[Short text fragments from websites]
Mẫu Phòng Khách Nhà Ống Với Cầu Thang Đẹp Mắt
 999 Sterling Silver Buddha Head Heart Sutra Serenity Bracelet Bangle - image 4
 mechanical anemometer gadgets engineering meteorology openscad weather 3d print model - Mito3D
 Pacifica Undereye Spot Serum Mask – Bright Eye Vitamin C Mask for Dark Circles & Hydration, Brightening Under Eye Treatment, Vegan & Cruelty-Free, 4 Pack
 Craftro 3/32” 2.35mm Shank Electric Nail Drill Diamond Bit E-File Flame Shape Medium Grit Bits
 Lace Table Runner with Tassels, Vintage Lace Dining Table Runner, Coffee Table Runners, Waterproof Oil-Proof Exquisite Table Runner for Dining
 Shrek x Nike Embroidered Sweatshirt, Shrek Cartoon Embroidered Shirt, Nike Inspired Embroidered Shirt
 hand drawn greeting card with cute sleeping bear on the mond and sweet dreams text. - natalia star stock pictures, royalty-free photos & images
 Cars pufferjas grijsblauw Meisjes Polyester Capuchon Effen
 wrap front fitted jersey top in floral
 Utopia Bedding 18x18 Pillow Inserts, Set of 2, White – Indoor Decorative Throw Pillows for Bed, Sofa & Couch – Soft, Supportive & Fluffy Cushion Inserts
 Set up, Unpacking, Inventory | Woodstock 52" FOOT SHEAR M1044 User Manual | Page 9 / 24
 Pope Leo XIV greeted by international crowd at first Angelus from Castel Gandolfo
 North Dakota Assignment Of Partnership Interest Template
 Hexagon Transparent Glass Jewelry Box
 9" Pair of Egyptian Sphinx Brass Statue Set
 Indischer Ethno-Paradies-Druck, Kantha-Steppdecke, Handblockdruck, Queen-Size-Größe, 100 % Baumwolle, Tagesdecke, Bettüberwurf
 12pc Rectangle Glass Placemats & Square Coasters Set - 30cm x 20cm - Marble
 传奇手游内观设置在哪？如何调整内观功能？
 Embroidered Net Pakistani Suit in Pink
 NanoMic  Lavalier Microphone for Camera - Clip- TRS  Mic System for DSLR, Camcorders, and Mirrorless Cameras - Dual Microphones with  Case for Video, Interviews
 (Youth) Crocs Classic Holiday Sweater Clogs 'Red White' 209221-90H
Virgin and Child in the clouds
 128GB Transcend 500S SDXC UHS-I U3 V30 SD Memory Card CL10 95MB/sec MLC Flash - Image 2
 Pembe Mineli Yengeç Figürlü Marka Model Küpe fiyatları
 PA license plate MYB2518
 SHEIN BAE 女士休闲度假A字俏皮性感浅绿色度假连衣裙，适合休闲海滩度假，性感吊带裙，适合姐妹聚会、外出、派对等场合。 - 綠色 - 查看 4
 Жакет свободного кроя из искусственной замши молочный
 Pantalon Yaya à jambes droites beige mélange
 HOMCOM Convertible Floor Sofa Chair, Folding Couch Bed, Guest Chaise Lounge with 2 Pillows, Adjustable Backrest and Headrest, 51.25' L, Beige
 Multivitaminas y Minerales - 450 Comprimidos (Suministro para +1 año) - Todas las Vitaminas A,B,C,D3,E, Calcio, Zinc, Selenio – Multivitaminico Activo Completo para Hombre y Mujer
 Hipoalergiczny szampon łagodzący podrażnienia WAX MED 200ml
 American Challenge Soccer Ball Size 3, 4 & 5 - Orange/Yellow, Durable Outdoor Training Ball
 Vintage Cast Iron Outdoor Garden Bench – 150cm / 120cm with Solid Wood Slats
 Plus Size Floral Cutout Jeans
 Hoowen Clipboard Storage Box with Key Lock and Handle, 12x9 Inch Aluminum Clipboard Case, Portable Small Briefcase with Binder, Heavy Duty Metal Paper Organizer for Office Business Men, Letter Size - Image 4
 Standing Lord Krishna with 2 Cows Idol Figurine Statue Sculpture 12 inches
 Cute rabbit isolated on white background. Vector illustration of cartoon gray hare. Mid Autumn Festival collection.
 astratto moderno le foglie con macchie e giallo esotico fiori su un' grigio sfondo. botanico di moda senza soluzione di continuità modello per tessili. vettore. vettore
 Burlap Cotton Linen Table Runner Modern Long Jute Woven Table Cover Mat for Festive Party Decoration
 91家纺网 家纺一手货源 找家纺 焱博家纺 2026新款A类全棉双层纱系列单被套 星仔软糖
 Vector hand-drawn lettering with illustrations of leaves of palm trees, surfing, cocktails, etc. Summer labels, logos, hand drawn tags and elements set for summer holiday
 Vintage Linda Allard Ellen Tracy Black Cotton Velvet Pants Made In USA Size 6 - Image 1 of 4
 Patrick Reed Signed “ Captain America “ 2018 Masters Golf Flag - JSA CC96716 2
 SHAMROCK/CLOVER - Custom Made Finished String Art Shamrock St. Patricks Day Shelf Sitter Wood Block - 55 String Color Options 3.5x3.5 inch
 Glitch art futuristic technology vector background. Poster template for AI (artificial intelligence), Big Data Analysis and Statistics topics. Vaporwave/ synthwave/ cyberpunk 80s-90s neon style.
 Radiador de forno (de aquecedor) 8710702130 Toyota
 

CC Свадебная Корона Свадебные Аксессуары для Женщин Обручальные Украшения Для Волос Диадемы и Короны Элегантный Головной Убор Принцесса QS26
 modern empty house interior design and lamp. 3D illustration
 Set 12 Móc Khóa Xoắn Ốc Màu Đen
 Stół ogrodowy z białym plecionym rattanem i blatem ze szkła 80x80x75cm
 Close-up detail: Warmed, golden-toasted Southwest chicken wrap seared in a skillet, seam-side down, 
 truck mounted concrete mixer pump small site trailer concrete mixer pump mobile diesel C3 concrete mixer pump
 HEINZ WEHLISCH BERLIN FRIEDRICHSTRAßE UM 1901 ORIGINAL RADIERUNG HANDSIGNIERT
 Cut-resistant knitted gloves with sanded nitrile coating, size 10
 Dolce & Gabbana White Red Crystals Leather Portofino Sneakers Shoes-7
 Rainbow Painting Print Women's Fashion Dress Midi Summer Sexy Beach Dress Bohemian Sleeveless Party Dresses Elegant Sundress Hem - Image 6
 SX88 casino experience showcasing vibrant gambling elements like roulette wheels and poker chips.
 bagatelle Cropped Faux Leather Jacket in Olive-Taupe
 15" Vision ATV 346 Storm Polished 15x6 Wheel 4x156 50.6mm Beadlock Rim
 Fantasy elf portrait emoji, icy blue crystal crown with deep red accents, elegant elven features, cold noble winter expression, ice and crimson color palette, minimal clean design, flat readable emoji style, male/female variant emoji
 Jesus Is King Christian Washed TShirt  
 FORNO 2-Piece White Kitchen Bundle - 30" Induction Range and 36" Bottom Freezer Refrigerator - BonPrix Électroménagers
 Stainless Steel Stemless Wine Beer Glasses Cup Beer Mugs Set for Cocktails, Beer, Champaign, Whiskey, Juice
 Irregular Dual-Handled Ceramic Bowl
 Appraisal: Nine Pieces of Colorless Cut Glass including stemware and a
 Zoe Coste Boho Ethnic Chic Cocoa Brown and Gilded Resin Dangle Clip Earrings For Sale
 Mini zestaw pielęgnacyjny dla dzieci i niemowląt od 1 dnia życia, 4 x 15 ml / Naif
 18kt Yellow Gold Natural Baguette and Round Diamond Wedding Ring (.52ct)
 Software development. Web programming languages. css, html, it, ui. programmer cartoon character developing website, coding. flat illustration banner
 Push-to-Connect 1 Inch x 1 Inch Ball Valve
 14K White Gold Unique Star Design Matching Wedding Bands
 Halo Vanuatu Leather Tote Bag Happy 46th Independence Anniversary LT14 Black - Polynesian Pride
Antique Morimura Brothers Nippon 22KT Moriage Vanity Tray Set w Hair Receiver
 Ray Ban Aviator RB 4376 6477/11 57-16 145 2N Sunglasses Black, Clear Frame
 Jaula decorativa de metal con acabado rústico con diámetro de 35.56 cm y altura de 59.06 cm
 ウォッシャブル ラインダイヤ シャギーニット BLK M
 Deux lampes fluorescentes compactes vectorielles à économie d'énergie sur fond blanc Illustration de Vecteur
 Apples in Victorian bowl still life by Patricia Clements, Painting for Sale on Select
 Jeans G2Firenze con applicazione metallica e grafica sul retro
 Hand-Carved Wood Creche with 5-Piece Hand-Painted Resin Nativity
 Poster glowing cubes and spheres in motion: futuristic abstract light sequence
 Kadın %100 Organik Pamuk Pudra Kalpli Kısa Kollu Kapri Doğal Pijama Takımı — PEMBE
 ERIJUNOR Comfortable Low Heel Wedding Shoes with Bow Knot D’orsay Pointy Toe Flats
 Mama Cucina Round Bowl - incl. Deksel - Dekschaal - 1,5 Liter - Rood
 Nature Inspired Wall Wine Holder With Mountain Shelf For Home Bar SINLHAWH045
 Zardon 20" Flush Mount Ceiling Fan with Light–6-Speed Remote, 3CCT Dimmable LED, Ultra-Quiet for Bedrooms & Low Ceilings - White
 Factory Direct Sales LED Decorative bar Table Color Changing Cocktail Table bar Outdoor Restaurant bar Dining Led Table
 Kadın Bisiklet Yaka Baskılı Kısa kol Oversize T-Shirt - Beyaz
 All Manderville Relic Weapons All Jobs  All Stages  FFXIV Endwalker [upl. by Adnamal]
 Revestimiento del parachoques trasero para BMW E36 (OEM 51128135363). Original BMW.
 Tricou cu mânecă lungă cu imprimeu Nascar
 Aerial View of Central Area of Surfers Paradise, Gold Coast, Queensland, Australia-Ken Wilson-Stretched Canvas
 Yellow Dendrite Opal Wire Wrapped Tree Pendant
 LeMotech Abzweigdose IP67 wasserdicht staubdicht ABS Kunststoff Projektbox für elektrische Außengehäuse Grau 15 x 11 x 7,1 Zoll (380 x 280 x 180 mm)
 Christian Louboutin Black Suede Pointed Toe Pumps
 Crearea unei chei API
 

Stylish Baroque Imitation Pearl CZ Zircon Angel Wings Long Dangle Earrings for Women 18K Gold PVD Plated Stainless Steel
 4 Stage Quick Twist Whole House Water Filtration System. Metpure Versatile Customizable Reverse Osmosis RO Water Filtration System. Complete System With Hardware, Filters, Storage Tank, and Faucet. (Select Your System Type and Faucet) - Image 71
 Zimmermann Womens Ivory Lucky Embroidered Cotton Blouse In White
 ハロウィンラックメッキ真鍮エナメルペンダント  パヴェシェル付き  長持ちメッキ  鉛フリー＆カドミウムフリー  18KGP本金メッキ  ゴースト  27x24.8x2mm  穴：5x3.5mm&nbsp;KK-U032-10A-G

## WHAT THE EXERCISE ASKS
Of the entries above, repeat exactly the lines between the line with "Aerial View of" and the line with "Crearea unei chei API", inclusive, and no others.

## EXERCISE ANSWER
 Aerial View of Central Area of Surfers Paradise, Gold Coast, Queensland, Australia-Ken Wilson-Stretched Canvas
 Yellow Dendrite Opal Wire Wrapped Tree Pendant
 LeMotech Abzweigdose IP67 wasserdicht staubdicht ABS Kunststoff Projektbox für elektrische Außengehäuse Grau 15 x 11 x 7,1 Zoll (380 x 280 x 180 mm)
 Christian Louboutin Black Suede Pointed Toe Pumps
 Crearea unei chei API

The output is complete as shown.